遠くに住む、一ファンである私の約10年分の記憶を綴る。あくまでも私から観た景色なので齟齬があるかもしれない。
前編はこちら

①lostageからのLOSTAGE、セルフタイトルのリリース

後にlostageからギターが抜けて、スリーピースの形をとって、LOSTAGEという大文字表記に変わったことの大きな意味をようやく知る。

というところで、前編を終えた。
LOSTAGEは2010年に4枚目のフルアルバムである『LOSTAGE』を出した。
アルバムに自身の名をつけることはセルフタイトルという。セルフタイトルがつくアルバムはそのアーティストとして特別な意味を持つ。
ジャケットは真っ白で、右下にLOSTAGEのロゴが入っているだけのシンプルなもの。

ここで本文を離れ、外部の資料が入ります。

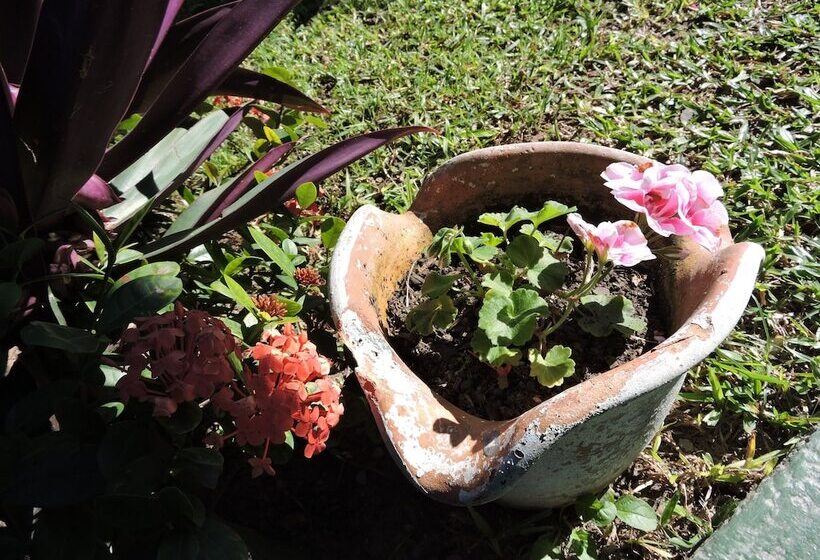 Fotos del hotel Dom Fish:  15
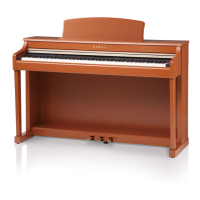 Preview: Kawai CN34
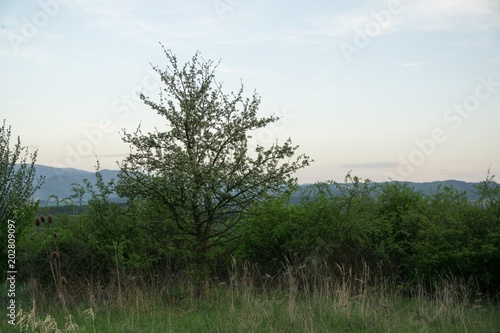 Spring tree flowering white blooming tree. Slovakia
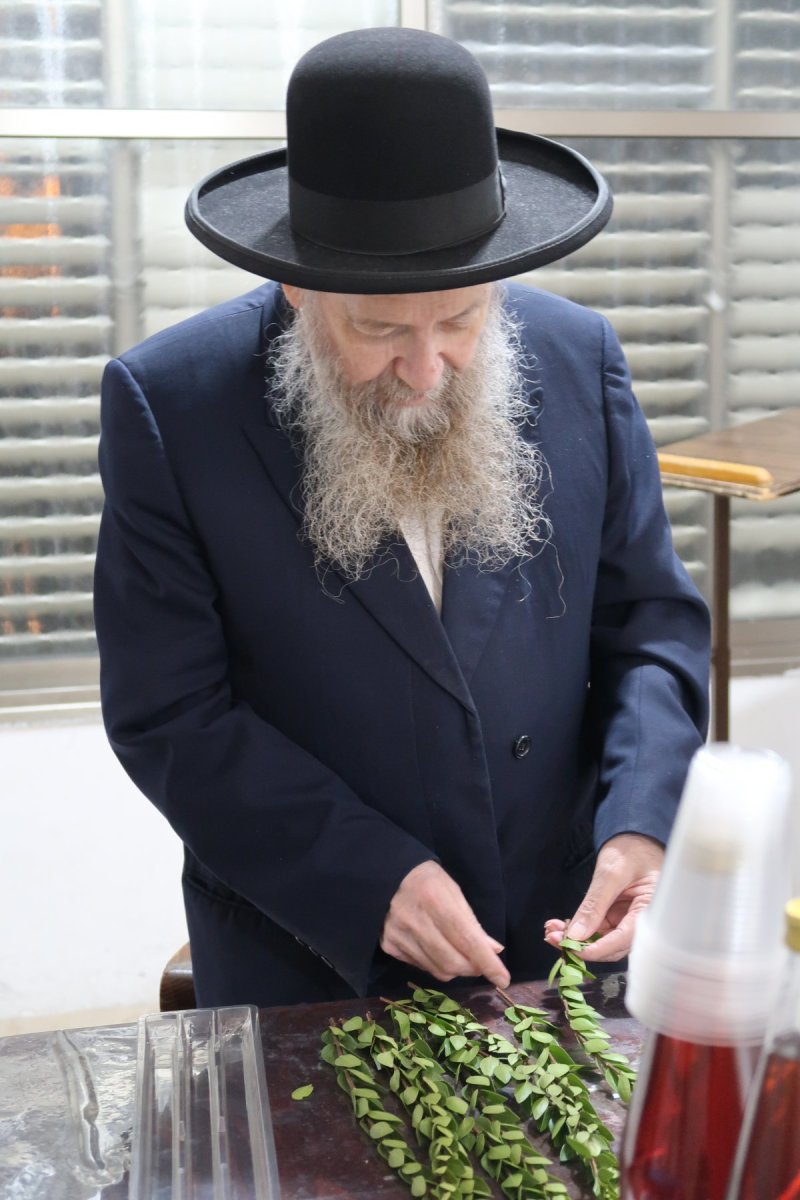 י. פריד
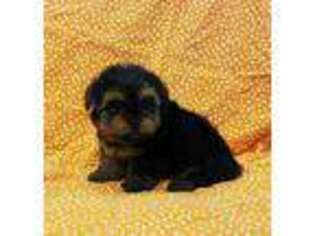 Yorkshire Terrier Puppy for sale in Perdido, AL, USA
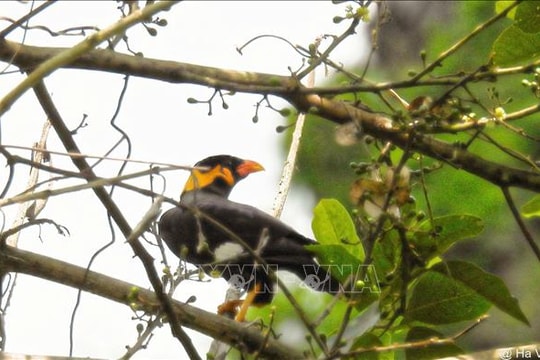 Khu bảo tồn thiên nhiên Đakrông bổ sung 9 loài chim nhờ bẫy ảnh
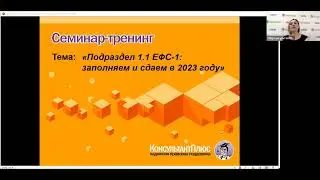 Подраздел 1.1 ЕФС-1: заполняем и сдаем в 2023 году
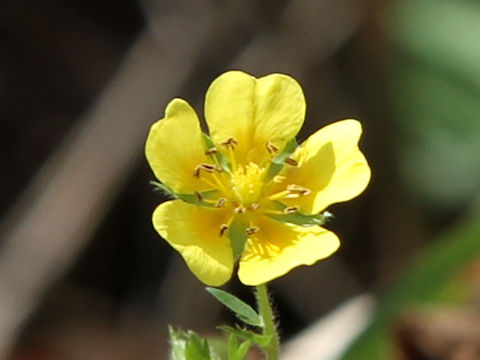 Potentilla yokusaiana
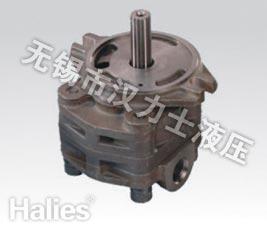 Quality Hydraulic Gear Pump SVD22 wholesale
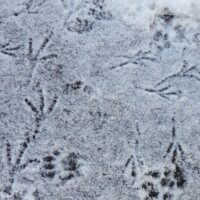 Bird tracks in the snow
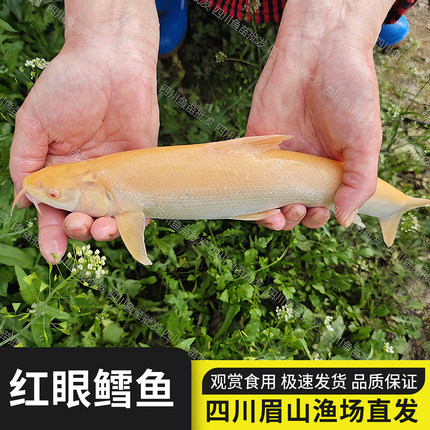 红眼鳕鱼苗赤目红眼银鳕鱼苗淡水鱼冷水银雪鱼观赏鱼食用鱼包活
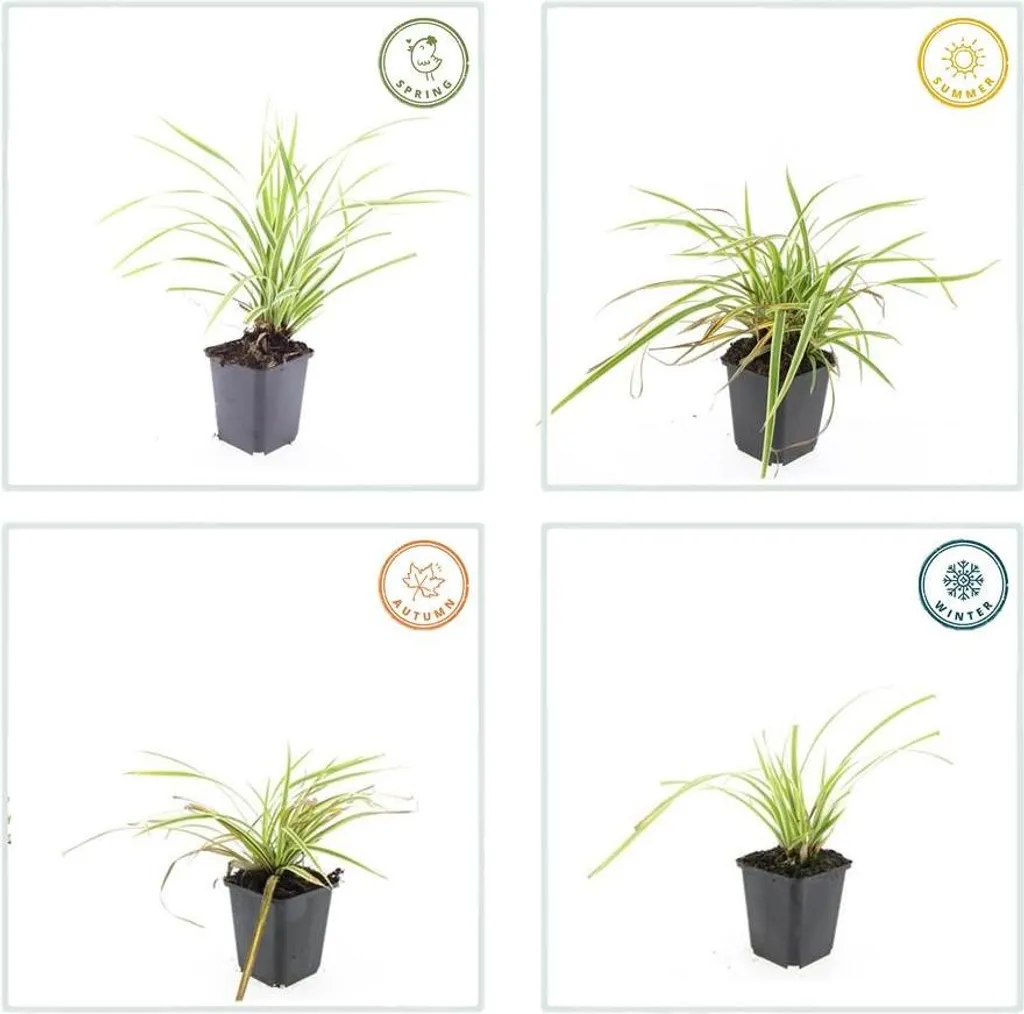 Herbe Ornementale Persistante Carex Aureovariegata - Couvre-sol 6 pcs - 3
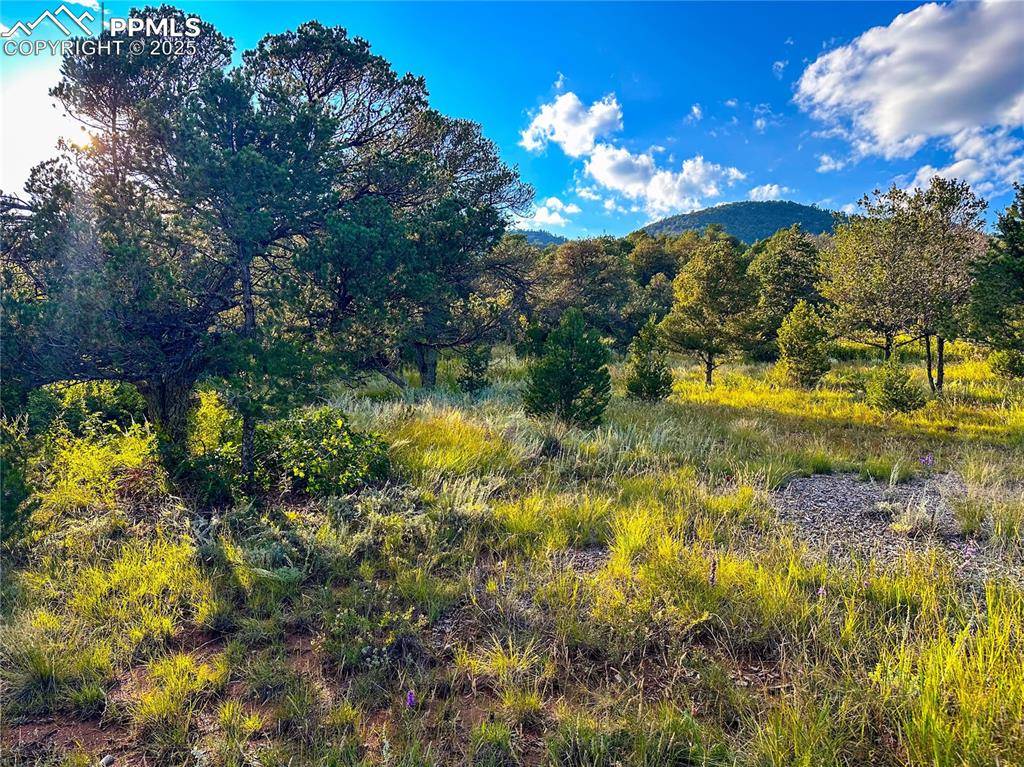 Colorado Springs, CO 80926,16116 Cala Rojo DR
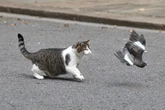 Larry the Cat gets 'more attention' from world leaders than everyone else at No 10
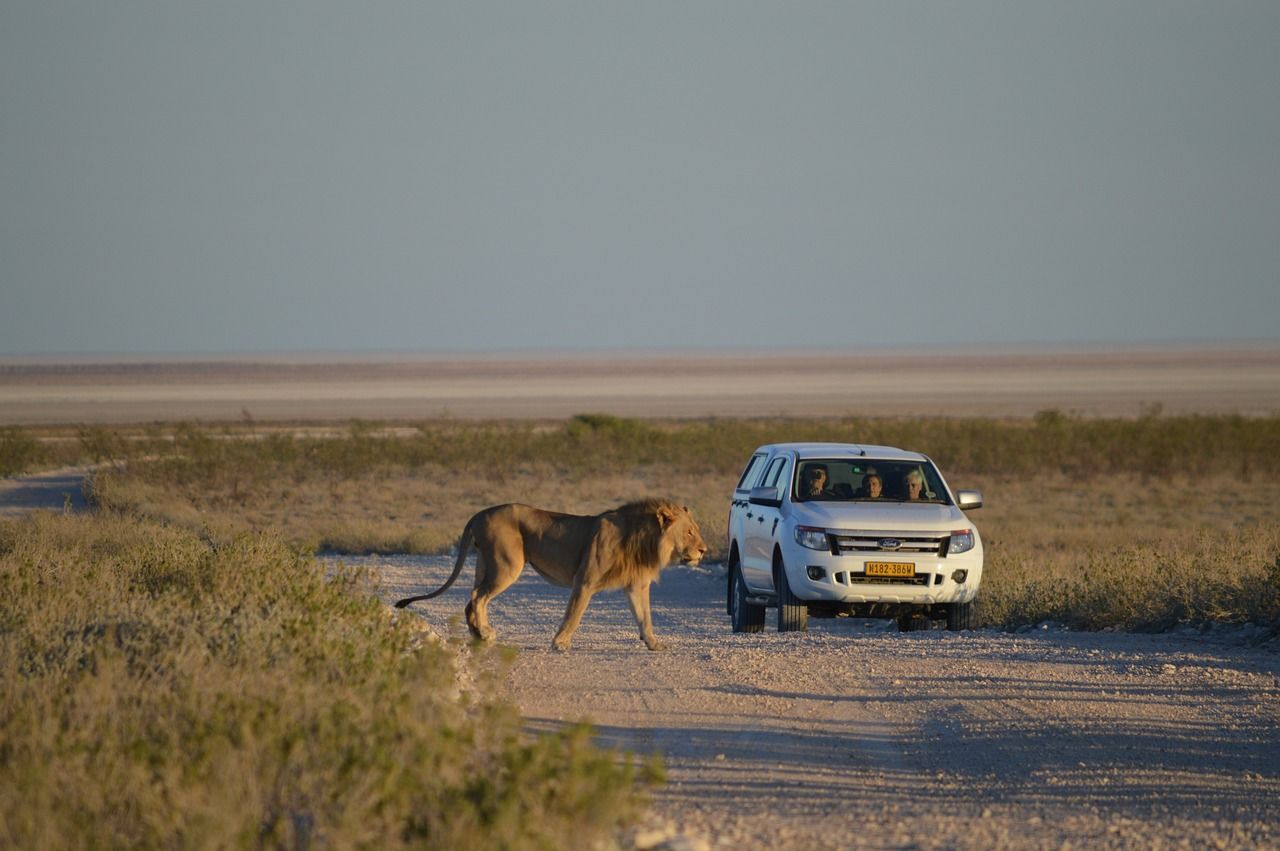 Op safari in Etosha National Park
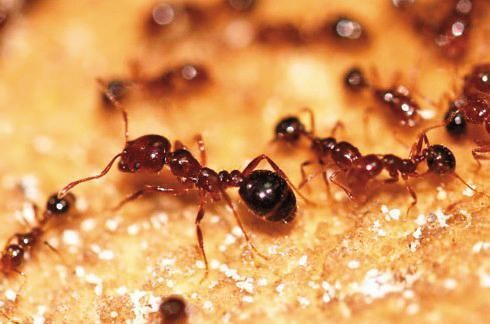 紅火蟻有強烈毒性，會先用大顎咬住獵物，再用尾端的毒針猛刺注入毒液。（新北市政府提供）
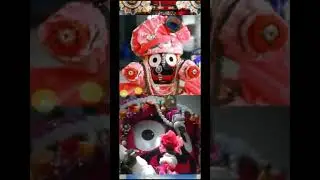 Kalia❤️🙏….#rathayatra2024 #puri #jagannath #rekalia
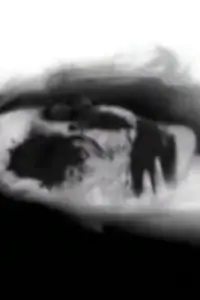 Photo Cinderella Valentine #510906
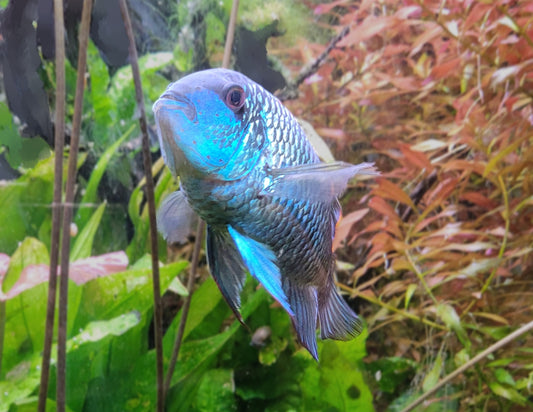 Electric Blue Acara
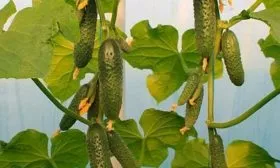 Характерные черты внешнего вида растения и плодов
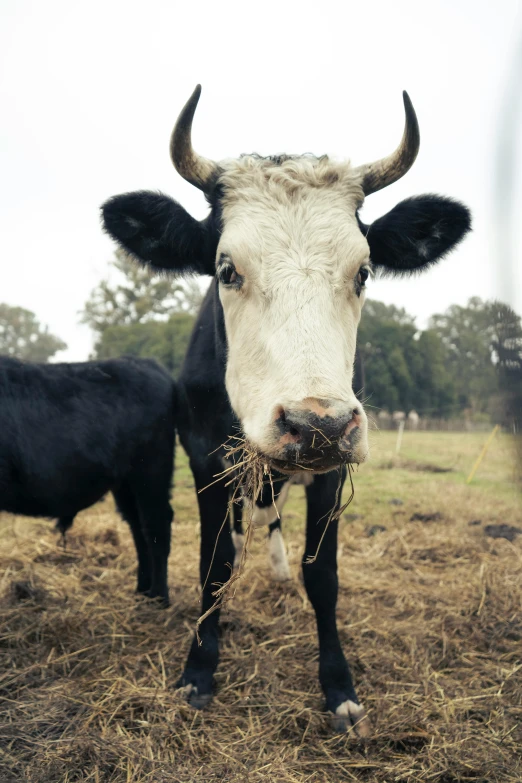 a cow standing next to another cow in a field, an album cover, unsplash, straw, close-up photograph, mild, college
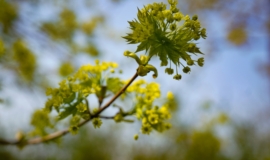 СинопÑики обеÑаÑÑ ÑемпеÑаÑÑÑнÑе ÑекоÑÐ´Ñ Ð² ЦенÑÑалÑной РоÑÑии в конÑе маÑÑа СинопÑики обеÑаÑÑ ÑемпеÑаÑÑÑнÑе ÑекоÑÐ´Ñ Ð² ЦенÑÑалÑной РоÑÑии в конÑе маÑÑа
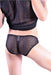 Gregg Homme Briefs 3G Catch Me micro speedo Low-cut brief 1824 14 - SexyMenUnderwear.com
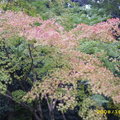 金閣寺的楓葉正在轉紅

アルバムをプレイヤーに置いて再生すると1曲目の「ひとり」が始まる。
ギターの強いストローク、そして力強いドラミング、そして重たいベース。切り裂くようなボーカル。
始まった、と床に倒れ込んだ。LOSTAGE。たくさん聴いた。

アルバムにはDVDが同梱されていた。
新曲のみでセットリストが組まれたライブ映像は異様だった。
観客が立ち尽くしていた。それはそうだ、知っている曲がひとつもないから。
なんだこのバンドは、とも思った。

セルフタイトルの意味。LOSTAGEという、新たな形。

そのアルバムをリリースしたとき、彼らはとても明るい希望に満ち溢れたような、諸手を挙げて新たな門出を祝うような雰囲気では決してなかった。
思い返すと、纏う空気のすべてが苛立ってすらいたように感じる。
聞き手である私の手元には、とにかくここに、こんなにもすごいバンドがいるということ事実だけがあった。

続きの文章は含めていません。